Posted by Joshua Claycamp on

For behold, the Lord God of hosts is taking away from Jerusalem and from Judah support and supply, all support of bread, and all support of water; the mighty man and the soldier, the judge and the prophet, the diviner and the elder, the captain of fifty and the man of rank, the counselor and the skillful magician and the expert in charms.

And I will make boys their princes, and infants shall rule over them. And the people will oppress one another, every one his fellow and every one his neighbor; the youth will be insolent to the elder, and the despised to the honorable. For a man will take hold of his brother in the house of his father, saying: “You have a cloak; you shall be our leader, and this heap of ruins shall be under your rule”; in that day he will speak out, saying: “I will not be a healer; in my house there is neither bread nor cloak; you shall not make me leader of the people.”

For Jerusalem has stumbled, and Judah has fallen, because their speech and their deeds are against the Lord, defying his glorious presence. For the look on their faces bears witness against them; they proclaim their sin like Sodom; they do not hide it. Woe to them! For they have brought evil on themselves. Tell the righteous that it shall be well with them, for they shall eat the fruit of their deeds. Woe to the wicked! It shall be ill with him, for what his hands have dealt out shall be done to him. My people—infants are their oppressors, and women rule over them.

O my people, your guides mislead you and they have swallowed up the course of your paths. The Lord has taken his place to contend; he stands to judge peoples.” (Isaiah 3:1–13, ESV)

 

Isaiah 3:1-13 is a judgement upon Judah and Jerusalem. The nation had trusted for far too long in their leaders, who were corrupt, and the result of their misplaced dependence is to be ruled by those who are, perhaps both figuratively and literally, children.
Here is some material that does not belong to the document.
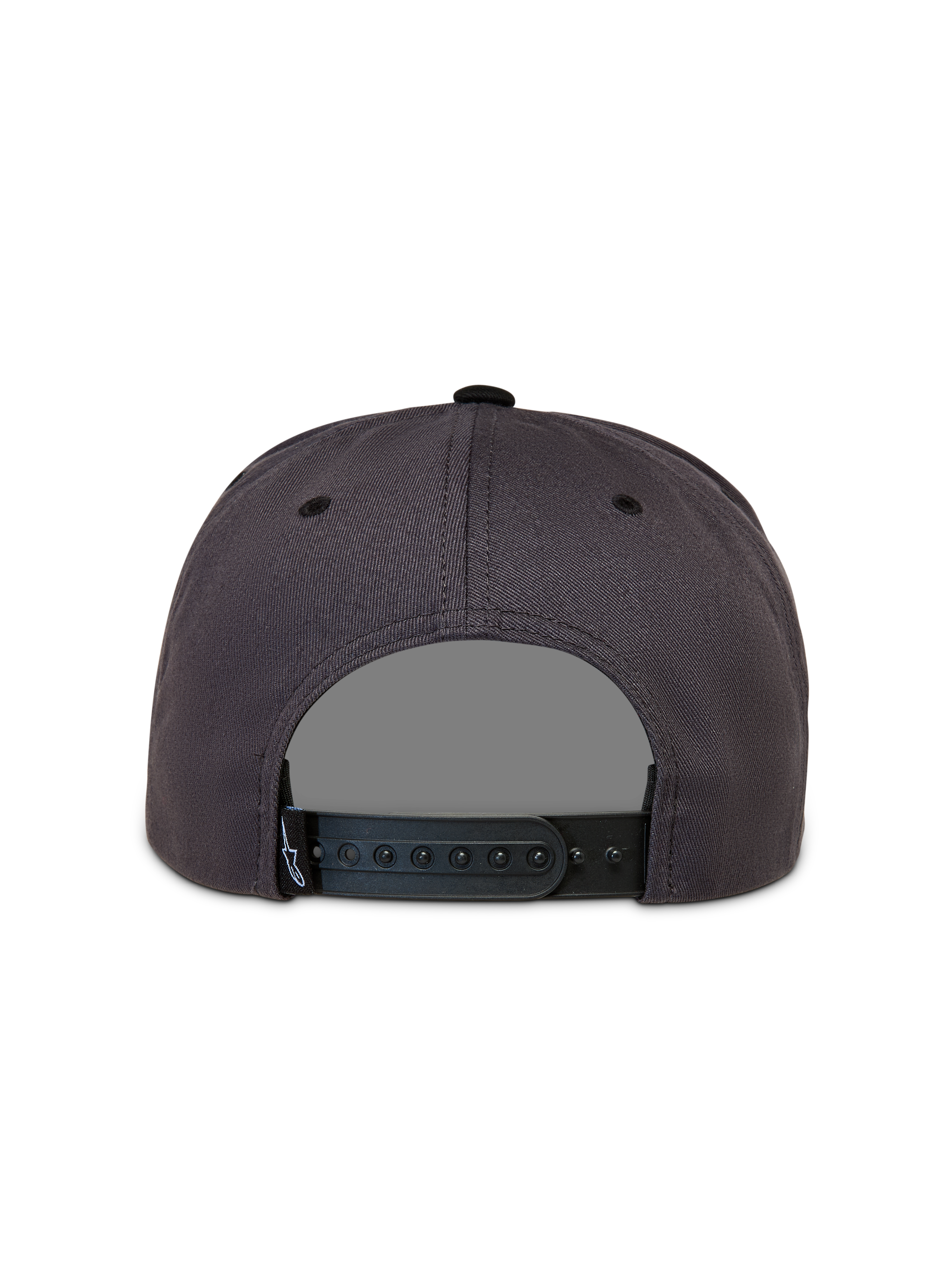 Alpinestars Stadium Snapback Hat, Sportswear Cap, Dark Gray and Black, rear view showing the adjustable snapback closure.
The “great men,” so called, have been hauled off into captivity as a punishment for leading the entire nation into idolatry. As the great men have been lead off into exile, they have left behind lesser men, or children, to rule the nation. These lesser men will rule through tyrannical means; justice will fall to the ground and anarchy will reign. Society will become unstable. The only law that matters is to appease and satisfy whoever happens to be in power at that moment.
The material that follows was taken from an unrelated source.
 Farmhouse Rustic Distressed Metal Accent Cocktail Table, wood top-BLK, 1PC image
If you follow and depend upon bad leaders you will suffer through even worse leadership in their wake.  

Be sure to note the crime and punishment: Israel followed bad leaders into idolatry. This sin resulted in a war ravaged country left in “ruins” to be governed by impetuous self-serving children. The punishment for supporting and following bad leaders is not merely a broken home or a broken community. It is a broken home and broken community to be left indefinitely in the hands of tyrants. The true punishment is heart ache followed by a near-hopeless uncertainty for your future and your children's future as you are left in the hands of despots.

This is one of those crimes against the Lord where the true punishment is exponentially greater than the initial disaster of bad leadership. It is isn't simply war and exile; it is war, exile, and an entire future is lost.
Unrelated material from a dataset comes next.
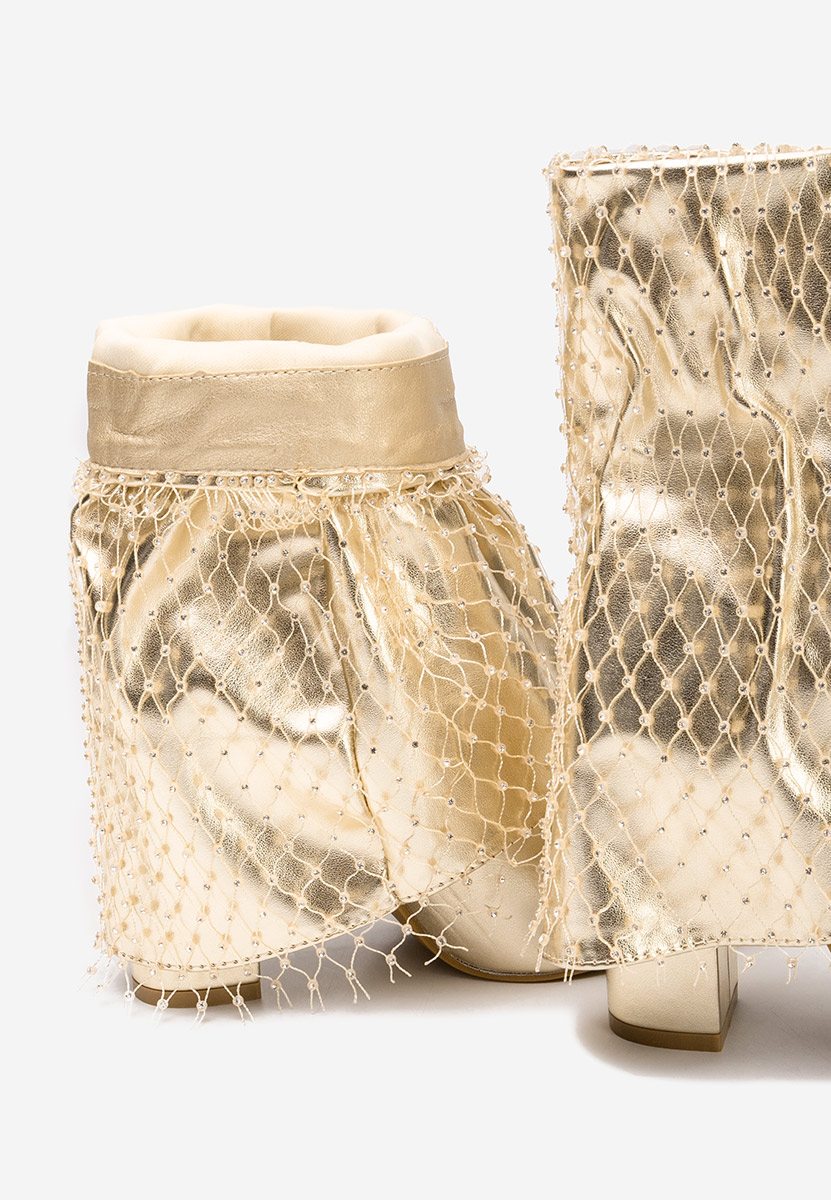 Боти на дебел ток Almaria V2 златен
This is what was happening in Israel: one weak leader followed upon another as the nation seemed intent on devouring itself before Assyria could reach it. To make a select few great men the source of your community’s’ greatness is always to end up with a scarcity of great men. Unless greatness comes from within the community itself, where every man and woman is a leader after God’s own heart, no great leaders will arise from it. Leaders usually reflect the poverty of the community itself. Your community will produce leaders who lead from the same spiritual bankruptcy as the community. The only remedy is for every member of the community to be grounded in Christ and responsible for every other member within the community. The punishment for embracing anything less than this is an unsteady and uncertian future spent at the hands of villains.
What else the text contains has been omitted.